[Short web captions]
----

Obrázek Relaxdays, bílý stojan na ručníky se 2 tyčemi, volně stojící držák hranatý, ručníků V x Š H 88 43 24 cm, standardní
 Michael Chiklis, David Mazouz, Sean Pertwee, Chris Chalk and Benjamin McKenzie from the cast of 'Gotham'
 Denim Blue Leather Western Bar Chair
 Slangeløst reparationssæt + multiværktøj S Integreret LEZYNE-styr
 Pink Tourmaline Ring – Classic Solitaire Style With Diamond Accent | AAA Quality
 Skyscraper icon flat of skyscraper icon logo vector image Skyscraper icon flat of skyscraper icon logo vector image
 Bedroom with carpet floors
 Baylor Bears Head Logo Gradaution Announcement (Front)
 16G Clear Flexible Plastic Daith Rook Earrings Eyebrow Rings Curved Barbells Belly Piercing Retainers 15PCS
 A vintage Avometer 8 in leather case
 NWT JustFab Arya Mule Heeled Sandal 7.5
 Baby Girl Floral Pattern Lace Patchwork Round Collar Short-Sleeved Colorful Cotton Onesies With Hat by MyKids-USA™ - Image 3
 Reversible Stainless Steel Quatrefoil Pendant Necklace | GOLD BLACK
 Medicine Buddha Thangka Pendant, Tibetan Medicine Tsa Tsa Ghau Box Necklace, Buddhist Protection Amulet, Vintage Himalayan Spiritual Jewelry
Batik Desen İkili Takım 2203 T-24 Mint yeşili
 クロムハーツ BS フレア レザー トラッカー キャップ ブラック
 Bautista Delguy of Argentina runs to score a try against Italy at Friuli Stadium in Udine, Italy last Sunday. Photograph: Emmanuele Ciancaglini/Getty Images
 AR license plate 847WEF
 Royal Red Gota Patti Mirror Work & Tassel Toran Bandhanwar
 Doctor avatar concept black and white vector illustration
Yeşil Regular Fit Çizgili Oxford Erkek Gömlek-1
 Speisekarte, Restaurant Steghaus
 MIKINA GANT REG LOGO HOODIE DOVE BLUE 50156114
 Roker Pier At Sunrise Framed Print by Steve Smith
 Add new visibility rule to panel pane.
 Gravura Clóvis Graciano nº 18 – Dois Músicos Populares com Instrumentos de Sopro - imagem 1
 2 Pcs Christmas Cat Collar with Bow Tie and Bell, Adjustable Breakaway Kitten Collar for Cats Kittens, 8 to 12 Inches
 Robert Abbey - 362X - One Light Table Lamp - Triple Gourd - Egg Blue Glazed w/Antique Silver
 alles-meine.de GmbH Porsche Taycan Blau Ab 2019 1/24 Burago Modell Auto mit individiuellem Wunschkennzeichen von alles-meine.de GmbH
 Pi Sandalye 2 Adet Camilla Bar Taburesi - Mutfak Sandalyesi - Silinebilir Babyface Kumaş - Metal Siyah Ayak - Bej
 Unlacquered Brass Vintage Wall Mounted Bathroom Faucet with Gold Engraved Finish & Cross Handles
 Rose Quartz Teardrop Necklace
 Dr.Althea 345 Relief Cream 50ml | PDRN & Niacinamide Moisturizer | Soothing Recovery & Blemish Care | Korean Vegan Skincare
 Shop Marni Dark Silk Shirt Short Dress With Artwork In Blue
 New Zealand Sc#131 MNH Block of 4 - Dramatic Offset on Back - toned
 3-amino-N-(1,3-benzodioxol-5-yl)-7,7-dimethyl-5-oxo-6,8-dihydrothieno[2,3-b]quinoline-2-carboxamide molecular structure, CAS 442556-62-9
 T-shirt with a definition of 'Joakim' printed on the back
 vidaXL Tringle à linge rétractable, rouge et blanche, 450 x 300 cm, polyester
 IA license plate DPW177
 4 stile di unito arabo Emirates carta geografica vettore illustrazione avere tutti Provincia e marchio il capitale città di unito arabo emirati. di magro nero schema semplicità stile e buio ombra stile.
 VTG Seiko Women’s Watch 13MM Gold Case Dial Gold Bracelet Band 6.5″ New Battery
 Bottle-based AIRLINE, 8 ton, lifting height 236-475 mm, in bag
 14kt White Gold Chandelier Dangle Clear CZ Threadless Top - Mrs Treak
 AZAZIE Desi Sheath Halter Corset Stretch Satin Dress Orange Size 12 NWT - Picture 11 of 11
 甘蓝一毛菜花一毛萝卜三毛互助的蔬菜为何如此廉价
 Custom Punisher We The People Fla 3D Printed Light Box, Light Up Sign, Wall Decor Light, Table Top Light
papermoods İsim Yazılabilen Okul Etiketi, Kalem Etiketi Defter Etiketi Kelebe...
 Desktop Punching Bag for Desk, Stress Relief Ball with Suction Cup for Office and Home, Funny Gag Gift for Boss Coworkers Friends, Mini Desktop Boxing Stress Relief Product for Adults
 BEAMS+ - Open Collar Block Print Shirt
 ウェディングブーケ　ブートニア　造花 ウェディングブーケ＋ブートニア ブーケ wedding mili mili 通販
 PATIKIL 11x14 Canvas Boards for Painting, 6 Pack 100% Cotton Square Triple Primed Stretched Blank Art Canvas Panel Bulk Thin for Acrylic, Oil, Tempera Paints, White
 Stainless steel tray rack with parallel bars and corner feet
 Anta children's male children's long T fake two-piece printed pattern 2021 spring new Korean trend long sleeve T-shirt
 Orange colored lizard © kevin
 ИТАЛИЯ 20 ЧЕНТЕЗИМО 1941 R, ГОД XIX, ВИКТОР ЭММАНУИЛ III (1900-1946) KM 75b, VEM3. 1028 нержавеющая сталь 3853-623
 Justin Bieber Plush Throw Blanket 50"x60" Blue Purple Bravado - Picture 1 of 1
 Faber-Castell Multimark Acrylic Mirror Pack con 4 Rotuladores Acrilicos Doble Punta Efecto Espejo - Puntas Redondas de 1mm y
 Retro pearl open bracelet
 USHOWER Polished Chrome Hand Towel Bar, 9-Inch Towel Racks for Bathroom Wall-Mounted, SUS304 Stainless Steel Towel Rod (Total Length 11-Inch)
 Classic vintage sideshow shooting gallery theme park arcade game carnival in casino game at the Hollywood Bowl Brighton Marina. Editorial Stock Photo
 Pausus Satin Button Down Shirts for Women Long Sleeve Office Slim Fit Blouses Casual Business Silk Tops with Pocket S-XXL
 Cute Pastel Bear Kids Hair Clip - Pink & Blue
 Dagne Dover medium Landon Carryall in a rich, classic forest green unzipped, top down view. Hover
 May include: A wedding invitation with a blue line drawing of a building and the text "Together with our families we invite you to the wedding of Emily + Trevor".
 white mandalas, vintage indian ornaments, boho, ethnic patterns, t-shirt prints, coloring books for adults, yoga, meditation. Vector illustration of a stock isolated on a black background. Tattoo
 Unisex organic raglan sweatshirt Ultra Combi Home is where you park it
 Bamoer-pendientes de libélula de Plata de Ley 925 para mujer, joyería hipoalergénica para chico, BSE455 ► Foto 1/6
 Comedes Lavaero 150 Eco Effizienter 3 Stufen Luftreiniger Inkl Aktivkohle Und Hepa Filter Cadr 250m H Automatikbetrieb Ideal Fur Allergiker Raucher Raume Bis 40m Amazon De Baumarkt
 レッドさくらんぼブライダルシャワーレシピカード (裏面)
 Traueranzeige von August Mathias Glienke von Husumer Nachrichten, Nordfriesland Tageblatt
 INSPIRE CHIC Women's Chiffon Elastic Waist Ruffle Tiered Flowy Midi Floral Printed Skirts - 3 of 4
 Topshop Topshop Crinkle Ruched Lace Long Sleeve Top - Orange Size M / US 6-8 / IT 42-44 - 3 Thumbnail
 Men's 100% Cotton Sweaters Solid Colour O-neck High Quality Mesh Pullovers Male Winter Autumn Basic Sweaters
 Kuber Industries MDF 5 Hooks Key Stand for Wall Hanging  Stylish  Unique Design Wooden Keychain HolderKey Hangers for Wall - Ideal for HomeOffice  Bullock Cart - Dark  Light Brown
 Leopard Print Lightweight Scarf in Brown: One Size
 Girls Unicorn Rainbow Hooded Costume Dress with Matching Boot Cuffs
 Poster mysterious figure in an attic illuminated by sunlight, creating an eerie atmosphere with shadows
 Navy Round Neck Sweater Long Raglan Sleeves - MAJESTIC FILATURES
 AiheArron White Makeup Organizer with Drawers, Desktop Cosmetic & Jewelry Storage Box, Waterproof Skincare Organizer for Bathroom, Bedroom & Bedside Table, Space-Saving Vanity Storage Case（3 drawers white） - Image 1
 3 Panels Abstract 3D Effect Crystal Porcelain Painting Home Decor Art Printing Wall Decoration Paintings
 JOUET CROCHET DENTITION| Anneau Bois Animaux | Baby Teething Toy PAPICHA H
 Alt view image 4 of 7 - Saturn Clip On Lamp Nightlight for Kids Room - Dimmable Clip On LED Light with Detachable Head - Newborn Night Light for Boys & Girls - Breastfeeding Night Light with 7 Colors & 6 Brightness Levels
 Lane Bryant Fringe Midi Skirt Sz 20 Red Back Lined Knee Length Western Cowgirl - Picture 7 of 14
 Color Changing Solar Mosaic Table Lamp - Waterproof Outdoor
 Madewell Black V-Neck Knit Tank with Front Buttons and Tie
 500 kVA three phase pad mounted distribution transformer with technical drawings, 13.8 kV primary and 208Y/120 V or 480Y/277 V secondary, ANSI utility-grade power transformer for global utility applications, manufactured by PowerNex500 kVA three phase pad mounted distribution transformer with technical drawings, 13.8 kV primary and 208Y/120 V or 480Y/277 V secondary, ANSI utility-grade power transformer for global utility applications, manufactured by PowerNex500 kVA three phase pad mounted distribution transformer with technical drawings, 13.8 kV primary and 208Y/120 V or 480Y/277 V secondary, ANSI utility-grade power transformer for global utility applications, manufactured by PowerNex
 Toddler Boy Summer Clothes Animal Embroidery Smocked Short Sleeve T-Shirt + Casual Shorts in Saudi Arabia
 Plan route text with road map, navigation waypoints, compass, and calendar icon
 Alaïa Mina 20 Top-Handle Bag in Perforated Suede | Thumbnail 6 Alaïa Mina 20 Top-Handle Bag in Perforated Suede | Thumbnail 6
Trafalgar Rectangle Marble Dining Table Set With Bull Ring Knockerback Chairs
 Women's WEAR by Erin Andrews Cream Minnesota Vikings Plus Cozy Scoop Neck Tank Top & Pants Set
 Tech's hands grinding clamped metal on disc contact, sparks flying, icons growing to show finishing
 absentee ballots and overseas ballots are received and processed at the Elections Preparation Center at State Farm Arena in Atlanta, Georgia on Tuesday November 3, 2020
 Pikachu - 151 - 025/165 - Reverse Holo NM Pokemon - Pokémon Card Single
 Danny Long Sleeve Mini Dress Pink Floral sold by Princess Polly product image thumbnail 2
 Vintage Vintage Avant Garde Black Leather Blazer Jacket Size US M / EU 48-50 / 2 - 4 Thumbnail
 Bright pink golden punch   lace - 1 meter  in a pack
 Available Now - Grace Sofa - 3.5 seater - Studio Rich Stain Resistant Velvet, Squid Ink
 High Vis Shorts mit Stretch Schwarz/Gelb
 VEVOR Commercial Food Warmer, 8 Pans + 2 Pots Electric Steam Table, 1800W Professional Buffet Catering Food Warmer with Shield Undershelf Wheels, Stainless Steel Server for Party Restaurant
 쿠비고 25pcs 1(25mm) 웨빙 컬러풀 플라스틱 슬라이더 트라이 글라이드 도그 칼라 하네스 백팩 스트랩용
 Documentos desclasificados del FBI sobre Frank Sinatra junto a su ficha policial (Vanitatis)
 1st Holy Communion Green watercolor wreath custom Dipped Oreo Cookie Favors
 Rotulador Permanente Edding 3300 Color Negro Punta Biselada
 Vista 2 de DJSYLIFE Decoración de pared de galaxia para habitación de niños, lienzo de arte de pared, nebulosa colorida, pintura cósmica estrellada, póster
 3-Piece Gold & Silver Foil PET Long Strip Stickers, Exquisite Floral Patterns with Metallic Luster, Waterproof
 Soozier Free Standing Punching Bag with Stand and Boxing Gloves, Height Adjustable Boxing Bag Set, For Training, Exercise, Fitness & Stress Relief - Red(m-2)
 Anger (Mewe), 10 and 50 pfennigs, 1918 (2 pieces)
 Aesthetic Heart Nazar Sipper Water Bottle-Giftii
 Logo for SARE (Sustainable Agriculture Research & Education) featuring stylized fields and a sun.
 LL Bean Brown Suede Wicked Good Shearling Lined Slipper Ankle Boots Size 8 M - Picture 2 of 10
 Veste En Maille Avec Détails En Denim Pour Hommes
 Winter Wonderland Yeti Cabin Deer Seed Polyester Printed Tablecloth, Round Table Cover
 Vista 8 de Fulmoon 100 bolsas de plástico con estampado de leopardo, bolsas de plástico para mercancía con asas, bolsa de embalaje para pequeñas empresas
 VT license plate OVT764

----

#### Activity
Take the lines above from the one containing "Rose Quartz Teardrop Necklace" to the one containing "papermoods İsim Yazılabilen" and retype them exactly, both ends included, with nothing added.

#### Solution for this problem
 Rose Quartz Teardrop Necklace
 Dr.Althea 345 Relief Cream 50ml | PDRN & Niacinamide Moisturizer | Soothing Recovery & Blemish Care | Korean Vegan Skincare
 Shop Marni Dark Silk Shirt Short Dress With Artwork In Blue
 New Zealand Sc#131 MNH Block of 4 - Dramatic Offset on Back - toned
 3-amino-N-(1,3-benzodioxol-5-yl)-7,7-dimethyl-5-oxo-6,8-dihydrothieno[2,3-b]quinoline-2-carboxamide molecular structure, CAS 442556-62-9
 T-shirt with a definition of 'Joakim' printed on the back
 vidaXL Tringle à linge rétractable, rouge et blanche, 450 x 300 cm, polyester
 IA license plate DPW177
 4 stile di unito arabo Emirates carta geografica vettore illustrazione avere tutti Provincia e marchio il capitale città di unito arabo emirati. di magro nero schema semplicità stile e buio ombra stile.
 VTG Seiko Women’s Watch 13MM Gold Case Dial Gold Bracelet Band 6.5″ New Battery
 Bottle-based AIRLINE, 8 ton, lifting height 236-475 mm, in bag
 14kt White Gold Chandelier Dangle Clear CZ Threadless Top - Mrs Treak
 AZAZIE Desi Sheath Halter Corset Stretch Satin Dress Orange Size 12 NWT - Picture 11 of 11
 甘蓝一毛菜花一毛萝卜三毛互助的蔬菜为何如此廉价
 Custom Punisher We The People Fla 3D Printed Light Box, Light Up Sign, Wall Decor Light, Table Top Light
papermoods İsim Yazılabilen Okul Etiketi, Kalem Etiketi Defter Etiketi Kelebe...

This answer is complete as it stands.